Print everything in the records exactly. Leave the pictures out.

* * *

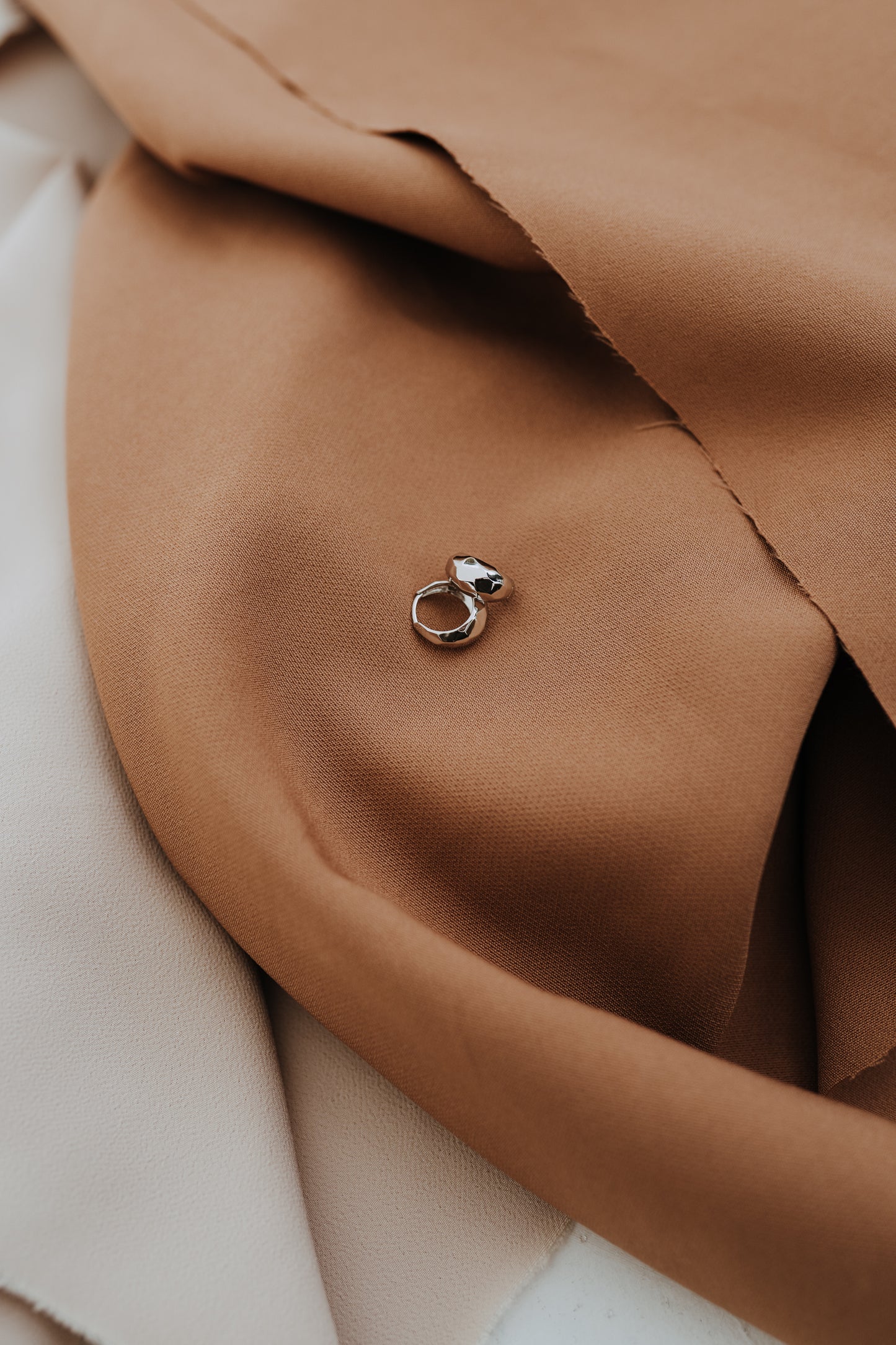 The Hammered Huggies - Sterling Silver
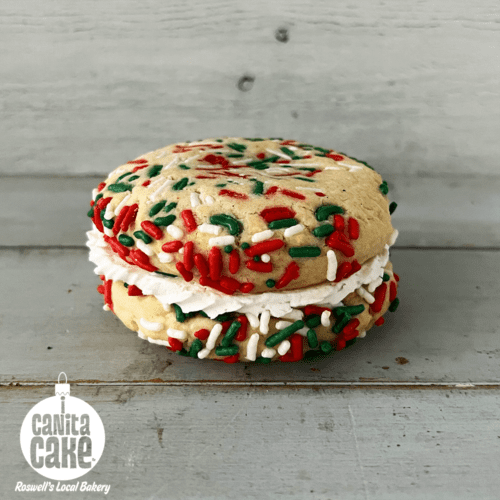 Happy Sprinkle Cookie Sandwich by I Canita Cake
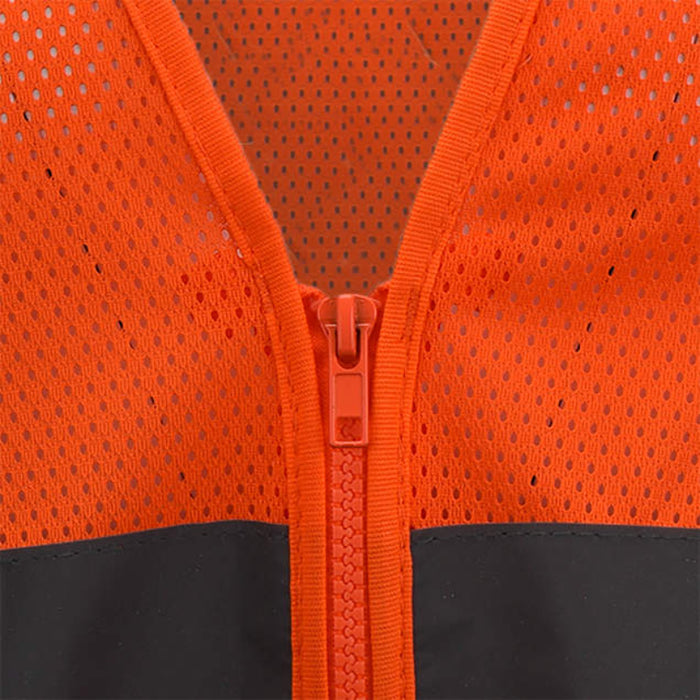 Radians High Visibility Economy Type R ANSI Class 2 Mesh Safety Vest with Zipper - SV2Z
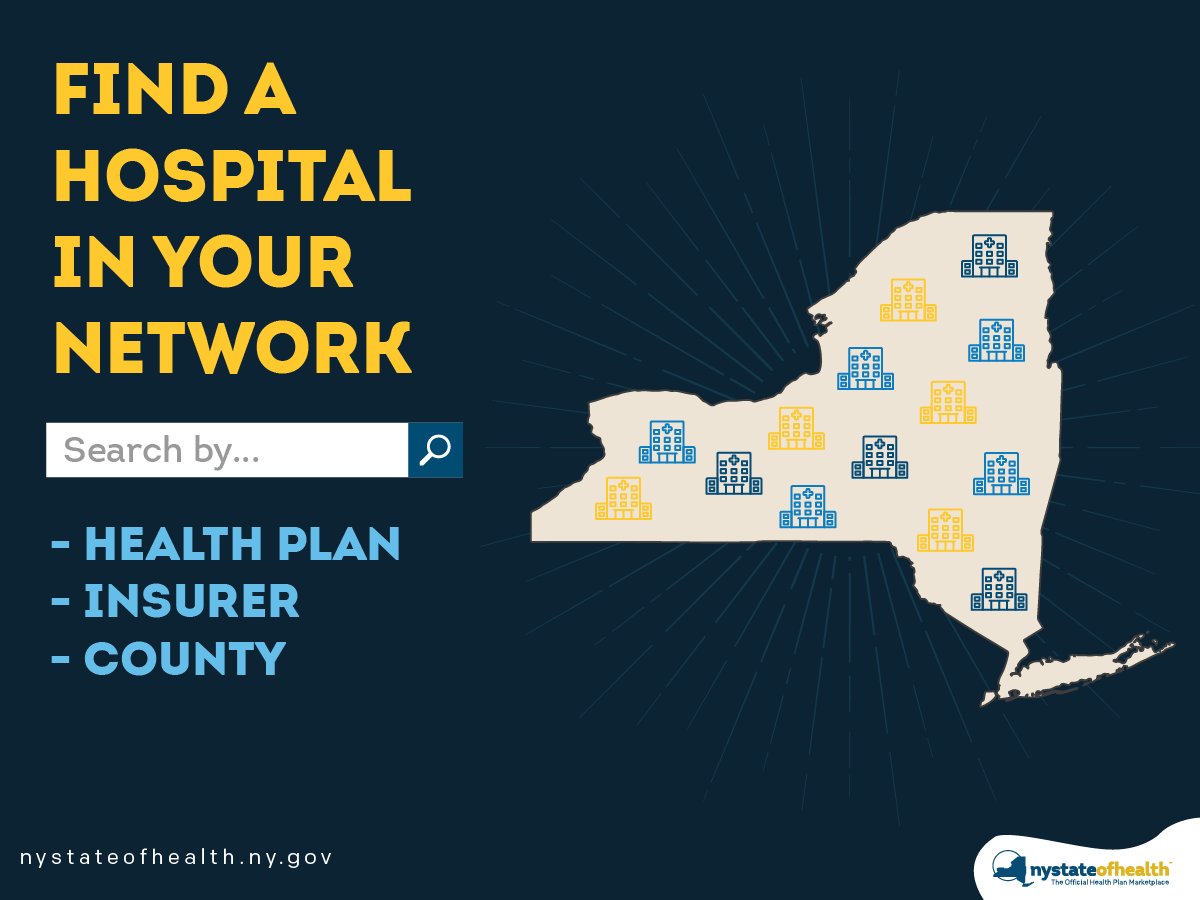 Want to check which hospitals participate with your health plan? With our Hospital Participation Tool, you can easily search for a list of hospitals that are available in your health plan network. Get started today! on.ny.gov/35J0Do8 #EnrollNY #Health #NY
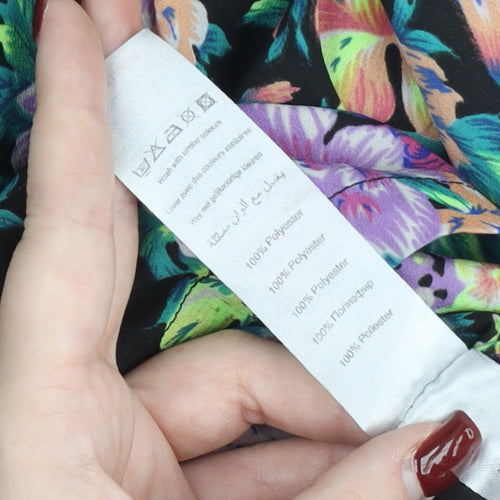 New Look Women’s Multicoloured Floral Short Sleeve Playsuit Size 10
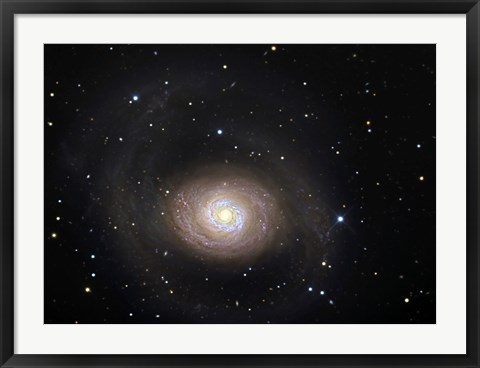 Framed Messier 94, A Spiral Galaxy in the Constellation Canes Venatici Print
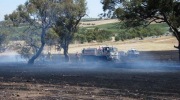 Grass fire, Greenock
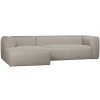 373388 G 04 VS WE Bean hoekbank links incl kussens lichtgrijs gemeleerd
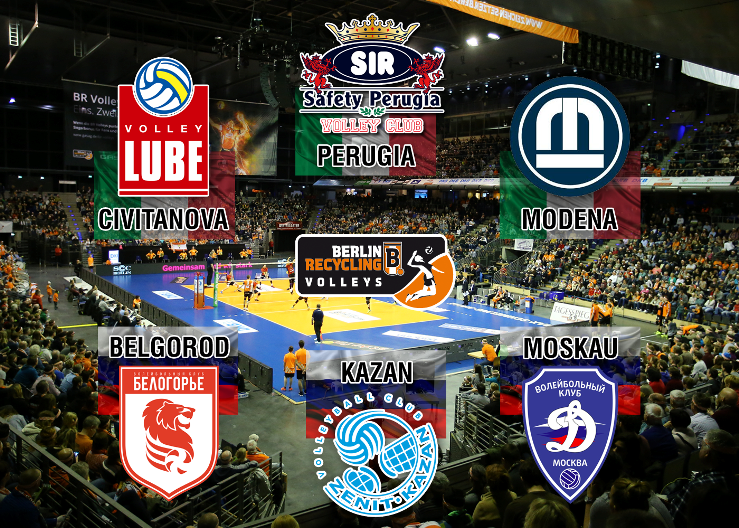 Volleyball Champions-League Playoffs im Überblick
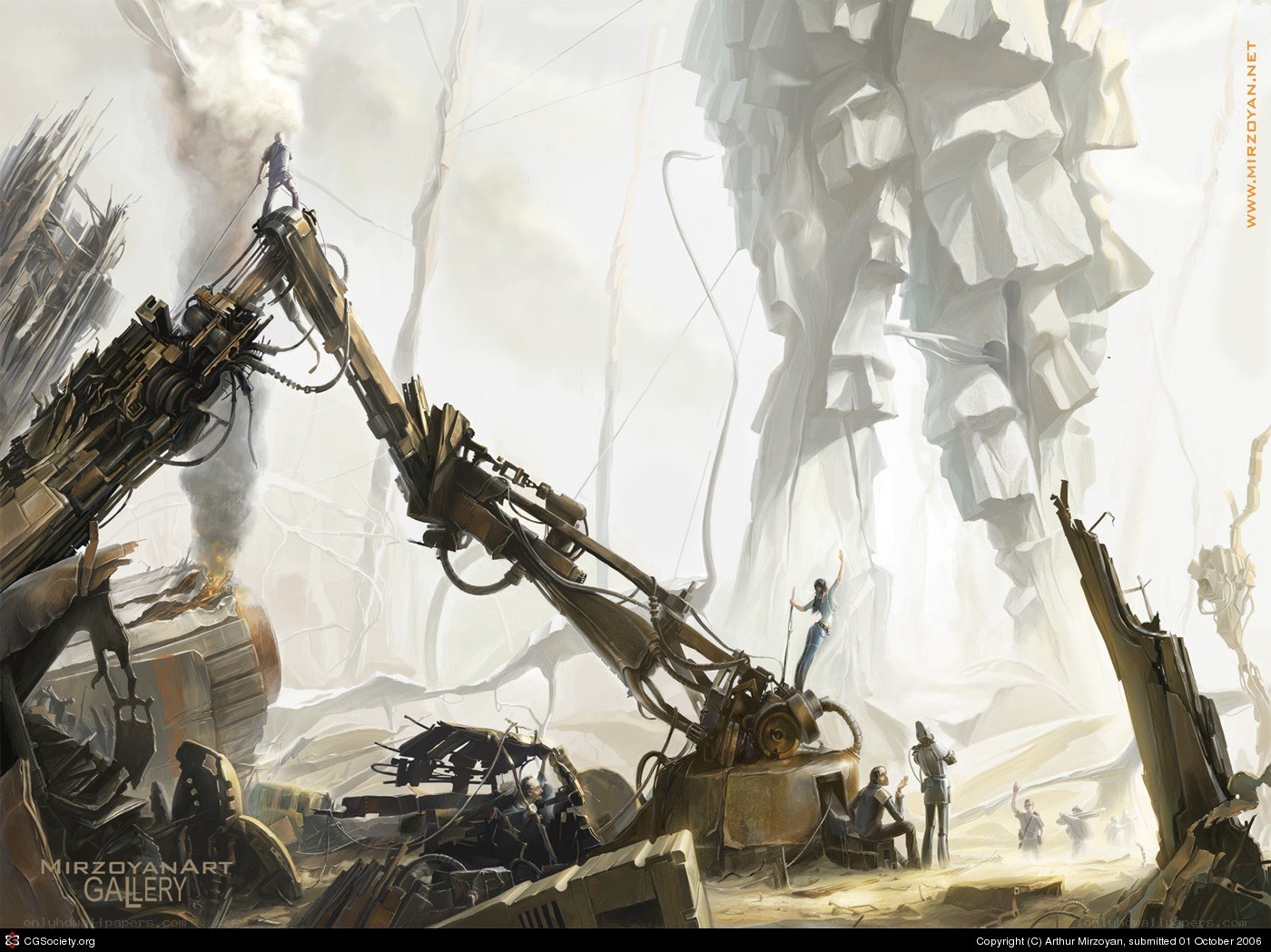 Post-apocalyptic excavation site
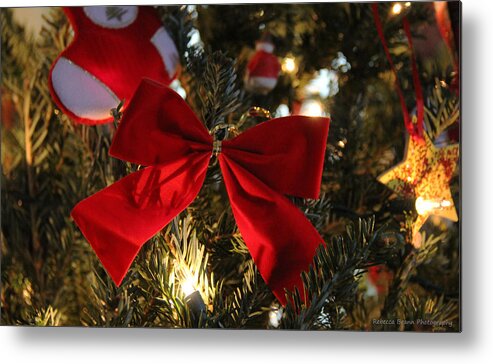 Christmas Metal Print featuring the photograph Happy Holidays by Becca Wilcox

* * *

Output for this task:
 The Hammered Huggies - Sterling Silver
 Happy Sprinkle Cookie Sandwich by I Canita Cake
 Radians High Visibility Economy Type R ANSI Class 2 Mesh Safety Vest with Zipper - SV2Z
 Want to check which hospitals participate with your health plan? With our Hospital Participation Tool, you can easily search for a list of hospitals that are available in your health plan network. Get started today! on.ny.gov/35J0Do8 #EnrollNY #Health #NY
 New Look Women’s Multicoloured Floral Short Sleeve Playsuit Size 10
 Framed Messier 94, A Spiral Galaxy in the Constellation Canes Venatici Print
 Grass fire, Greenock
 373388 G 04 VS WE Bean hoekbank links incl kussens lichtgrijs gemeleerd
 Volleyball Champions-League Playoffs im Überblick
 Post-apocalyptic excavation site
 Christmas Metal Print featuring the photograph Happy Holidays by Becca Wilcox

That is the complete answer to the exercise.